Is there a polynomial- (or even strongly subexponential)-time algorithm to compute the PML? To (additively) approximate it?
 
Is there a polynomial- (or even strongly subexponential)-time algorithm to compute the PML? To (additively) approximate it?

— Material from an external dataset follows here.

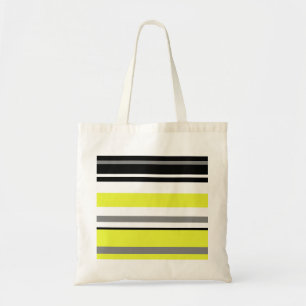 Bolso De Tela Minimalismo Amarillo Rayas Negras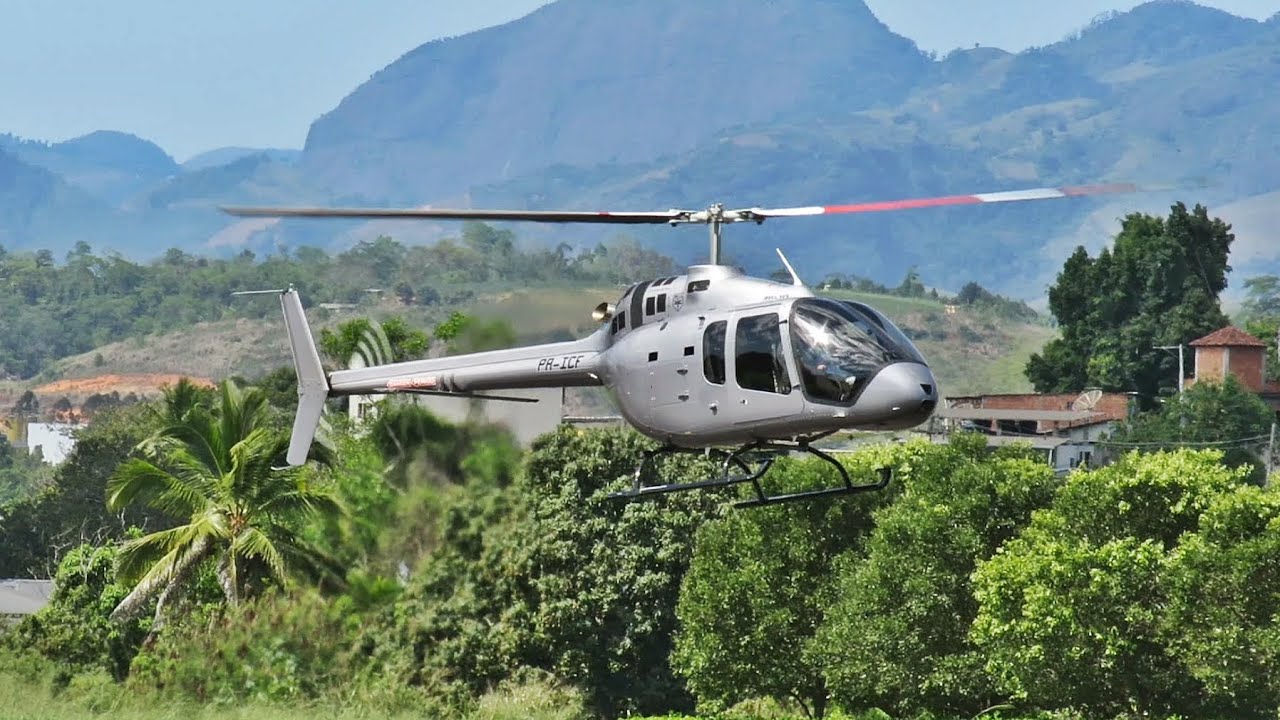 Helicóptero Bell 505 Jet Ranger X Pousando em Cachoeiro de Itapemirim ES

Revision as of 21:03, 25 October 2017

Suggested by Alon Orlitsky
Source FOCS 2017
Short link https://sublinear.info/84

Given a sequence of samples $\mathbf{s}=(s_1,\dots,s_n)\in\mathbb{N}^n$, the sequence maximum likelihood (SML) estimator is the probability distribution over $\mathbb{N}$ which maximizes the probability of this sequence, i.e. $$ p^{\rm SML} \stackrel{\rm def}{=} \arg\!\!\!\max_{p\in\Delta(\mathbb{N})} p^{\otimes n}(\mathbf{s}) =\arg\!\!\!\max_{p\in\Delta(\mathbb{N})} \prod_{i=1}^n p(s_i)\,. $$ It is not hard to show that the SML corresponds to the empirical distribution obtained from $(s_1,\dots,s_n)$, which can be computed in linear time.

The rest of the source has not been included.